Provided records:

○ ○ ○

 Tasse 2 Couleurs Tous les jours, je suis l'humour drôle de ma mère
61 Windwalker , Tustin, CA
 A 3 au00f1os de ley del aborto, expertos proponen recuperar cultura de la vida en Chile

○ ○ ○

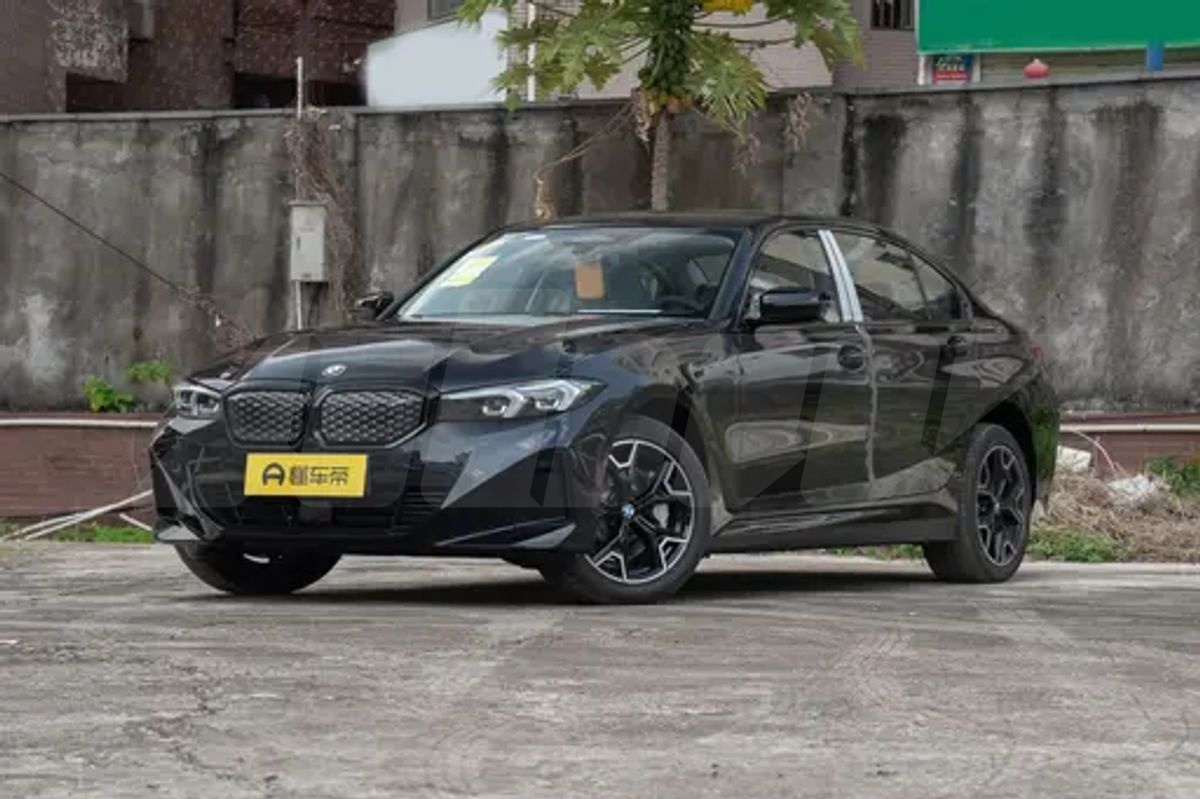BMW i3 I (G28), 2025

○ ○ ○

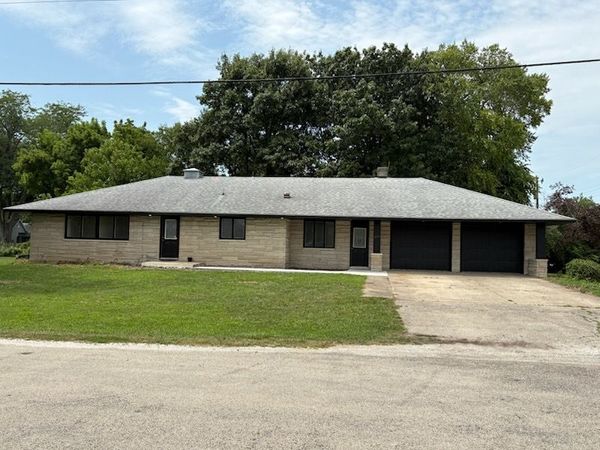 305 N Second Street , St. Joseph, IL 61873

○ ○ ○

Directions for this task: Begin at the line above that has "Tasse 2 Couleurs" and stop after the line that has "A 3 au00f1os", copying each line exactly and adding nothing else.

Exercise result:
 Tasse 2 Couleurs Tous les jours, je suis l'humour drôle de ma mère
61 Windwalker , Tustin, CA
 A 3 au00f1os de ley del aborto, expertos proponen recuperar cultura de la vida en Chile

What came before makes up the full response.